Nonetheless, we did make it to KK that afternoon. After a tense morning wondering if we’d get anywhere close and how we could possibly avoid going back to the Bandar Seri Begawan (Brunei) Terrace Hotel.

To hearken backward for a moment, the Terrace Hotel was the right price. We didn’t see the giant spiders that some reported on Trip Advisor. The desk staff was helpful and had a good sense of humor (“Can I see the Sultan?” “Ha, ha, ha!!”) But our room smelled funny. What do people actually DO in their hotel rooms that makes them smell so bad? So many “budget” places do, and all with such uniquely awful miasmas. This one smells like someone threw up and the maid poured too much disinfectant on it. That one smells like they prepared a body before you arrived. This suite hosted a sewage sampling convention. If my house doesn’t smell bad, I think my hotel room should remain inoffensive, too, right?? What strange activities do others do in hotel rooms that they don’t do at home? Um, well, besides the obvious, but they must wash the sheets, right? Or did the last guests not throw the linens in the tub, signifying that they need washing?

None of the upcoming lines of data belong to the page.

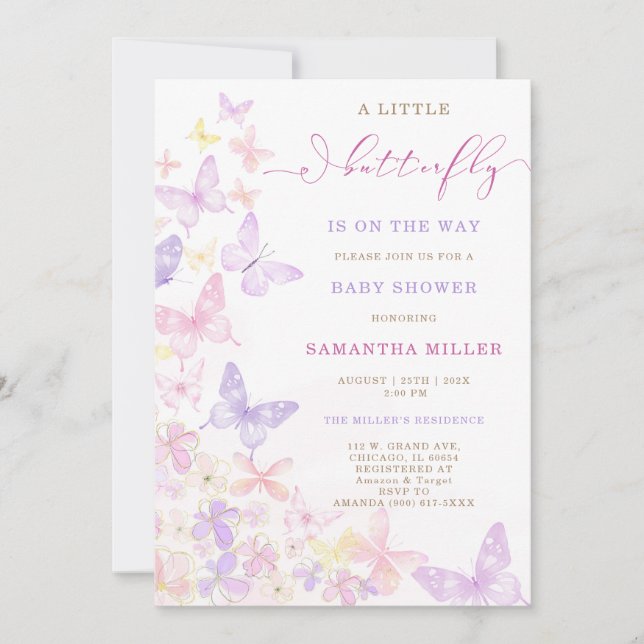 Invitación Baby Shower con Tema de Mariposas (Anverso)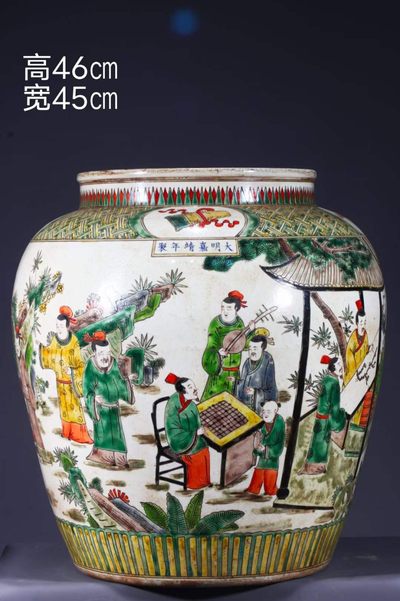 美品.款式“大明嘉靖年制”精工细作满工五彩人物纹卷缸 - 美品.款式“大明嘉靖年制”精工细作满工五彩人物纹卷缸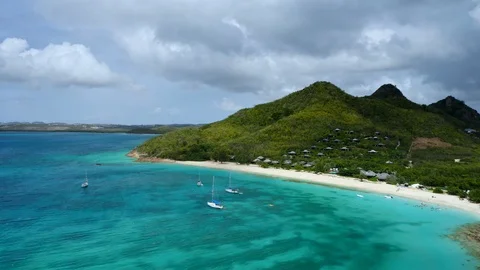 Aerial view of Hermitage bay beach, Antigua, Barbuda Stock Footage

Getting back on topic, the Terrace hallways were dark and ours contained a stained couch that I remarked on as we got off the elevator one day. “That thing is long past its decorative function and I’m sure nobody ever actually sits on it.” Well, wouldn’t you know it: the next time we get off the elevator, three guys are seated on it, sort of crammed together. And they’re all looking at us defiantly, probably for the innocuous reason that we surprised them by (ding!) arriving at their floor when only 3 rooms total were filled in the entire place. In the unique calculus of travel, not only do people really sit on the item you sneered at, they fit more individuals than you thought possible right after you made the remark!! In fact, those three guys probably were headed to their rooms when the ineluctably attractive couch sidetracked them. “Hey, let’s sit here and talk it over!” Or even “This is the same couch I have at home!”

But all that is behind us now as we head for the Nexus Hotel, having bargained the taxi driver down to half of what he wanted, then springing a surprise McDonald’s visit on him. We hadn’t had anything to eat since the night before, having unwisely spurned victuals that morning when we had the chance because it was too “early.” One thing we’ve learned from this trip: when you see food, eat it. Because you never know when you might see it again.

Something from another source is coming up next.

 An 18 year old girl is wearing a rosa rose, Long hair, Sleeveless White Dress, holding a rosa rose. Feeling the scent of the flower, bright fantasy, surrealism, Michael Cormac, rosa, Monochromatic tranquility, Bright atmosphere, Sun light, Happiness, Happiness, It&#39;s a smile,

One more report to edit! I’ll post it in the next couple of days.

Thursday, April 2, 2009

Coming Attractions!

We're home and still very jetlagged, but I do have several posts "in the can" that I need to edit. As promised, they contain that all important comparison between Malaysian and American bus service, without which one just can't choose intelligently. Sorry to temporize, but our internet connections were either unreliable or hideously expensive in Kota Kinabalu and Singapore! When I'm able to exist on DST in Philadelphia, I'll get back to you. At the moment, I'm meandering through the wilderness of some European time zone, though I'm heading in a generally eastern direction...

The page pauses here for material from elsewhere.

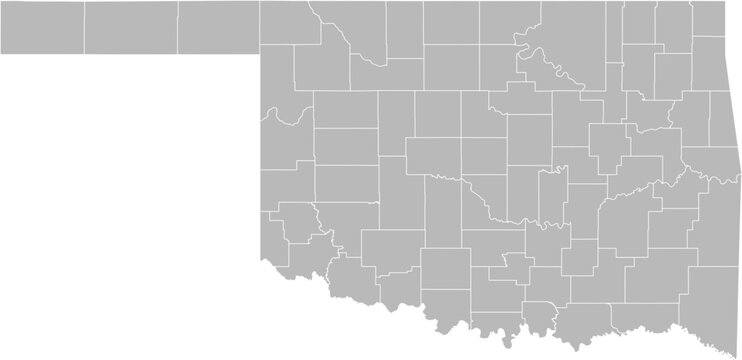 Oklahoma vector map with county boundaries (Web Mercator projection, PPT-compatible & fully editable)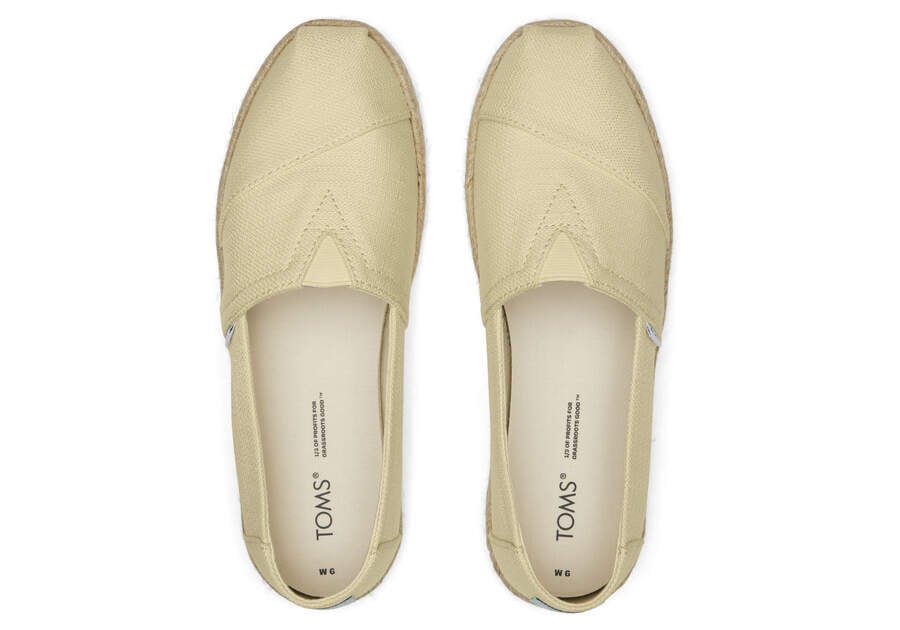 Pale Lemon Textured Woven Toms Alpargata Rope Espadrille Australia Sale | AU745-481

I am gratified at the number of people who have emailed me, called our house, asked Jeff or bothered my parents about when the next post would appear. Within two weeks of our departure, my email dwindled to almost nothing (well, several companies did want me to enlarge certain personal appendages) and I never got any comments on the blog itself, so I was unaware that my scribbling was at all diverting. Thanks!

I also will post pictures illustrating particularly notable moments - you don't want to miss Adam's sad sack drying out after its dunking in the Borneo river. You will, however, miss the lamentations that accompanied the photo. "Who knows WHAT could be in that river? My clothes will smell terrible! I could catch something!" Then the slow dawning of a wonderful result: "Hey, my schoolwork was in there!"

Tuesday, March 24, 2009

If You Want an Adventure, You Can Take the Ferry

When you think Brunei, what's the first thing that comes to mind? No, it's shouldn't be Dubai, though it sounds remarkably similar and both Dubai and Brunei made their bucks on oil. You think money, right? Lots of moolah.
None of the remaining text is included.